Harley-Davidson to Quit India
Automologist MAC visited Harley’s factory in India not that long ago and is now writing about its closure…
Cast your mind back about two years. Harley-Davidson was claiming that they would be increasing global production in places like India and Australia and Brazil whilst closing plants in the US of A. At that time, they had already announced the closure of their Kansas City factory in the US of A, much to the annoyance of President Trump who accused them of surrendering and of being quitters. In fact, it doesn’t seem so long ago that I was on a tour of the Harley Davidson facilities in India and the company was touting Indian versions of their much-loved classics.
Fast forward just two short years and today’s announcement is for the closure of the Indian manufacturing operation. The company will also stop marketing their bikes in the world’s largest motorbike market, with the loss of 70 jobs and the relocation of the Indian MD to Singapore for a regional role. Of course, this is being seen as a small triumph for Trump and a bitter blow for Modi’s foreign investment policy.
According to reports, Harley-Davidson is quitting India as a part of its “re-wire” strategy. But the reality may be a little starker than that after the company managed to shift just 2,676 bikes during 2019 in, like I said, the world’s largest motorbike market. A part of the problem is the 100% tariff on imports levied by the protectionist government. The high tariffs are an attempt to ‘encourage’ the shifting of production into the market but it is the sort of protectionism that Trump has been waging war against especially with China.

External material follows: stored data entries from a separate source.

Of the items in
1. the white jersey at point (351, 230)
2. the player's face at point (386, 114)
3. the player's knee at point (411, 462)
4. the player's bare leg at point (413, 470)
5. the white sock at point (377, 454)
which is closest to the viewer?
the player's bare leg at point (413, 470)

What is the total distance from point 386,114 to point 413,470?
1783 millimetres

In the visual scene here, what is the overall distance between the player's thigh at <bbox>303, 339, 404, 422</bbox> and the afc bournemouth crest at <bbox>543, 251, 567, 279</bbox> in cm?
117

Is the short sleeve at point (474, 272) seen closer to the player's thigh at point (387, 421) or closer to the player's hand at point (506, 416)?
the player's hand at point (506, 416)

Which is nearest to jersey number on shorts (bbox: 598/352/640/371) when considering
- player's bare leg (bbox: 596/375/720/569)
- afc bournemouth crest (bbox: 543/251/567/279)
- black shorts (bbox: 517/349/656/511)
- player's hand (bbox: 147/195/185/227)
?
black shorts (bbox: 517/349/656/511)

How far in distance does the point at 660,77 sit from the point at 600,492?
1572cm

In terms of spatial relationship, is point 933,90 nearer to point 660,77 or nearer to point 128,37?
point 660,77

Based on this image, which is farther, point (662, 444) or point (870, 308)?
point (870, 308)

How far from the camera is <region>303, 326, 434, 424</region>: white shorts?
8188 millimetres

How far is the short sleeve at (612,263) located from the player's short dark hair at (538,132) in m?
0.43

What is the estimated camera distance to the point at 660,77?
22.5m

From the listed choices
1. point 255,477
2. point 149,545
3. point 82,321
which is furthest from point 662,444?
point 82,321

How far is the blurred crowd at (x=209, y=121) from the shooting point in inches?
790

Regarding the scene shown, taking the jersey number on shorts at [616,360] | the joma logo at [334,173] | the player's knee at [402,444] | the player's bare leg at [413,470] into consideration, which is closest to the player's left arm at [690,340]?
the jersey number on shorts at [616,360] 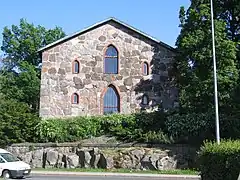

After Trump complained, the country reduced tariffs on HDs to 50% but they still failed to gain traction. Competition is fierce in the Indian market that prides itself as a cost-conscious public, which loosely translates to always wanting everything cheaper than everything else. Probably the biggest manufacturer there is Hero followed by Honda and Bajaj, who is the manufacturer and marketing agent for Triumph in the market, HD’s biggest competitor in the +500cc market.
The company marketed 15 different models in India, with 11 being CKDs and four CBUs. The CKDs only attract a tax of 15% with the CBUs at 50% of late. So, perhaps the lowered sales are more a reflection of what is going on within a shrinking market and a product that is niche in most places you find it. Harley-Davidson is the third US auto manufacturer to close doors in India recently, with Ford and General Motors both struggling in a car market dominated by Suzuki, who is of course probably better known for their bikes. Harley-Davidson will now concentrate on markets where they make a profit, which may be tough seeing as the Wisconsin-based manufacturer has lost USD96 million thus far this year.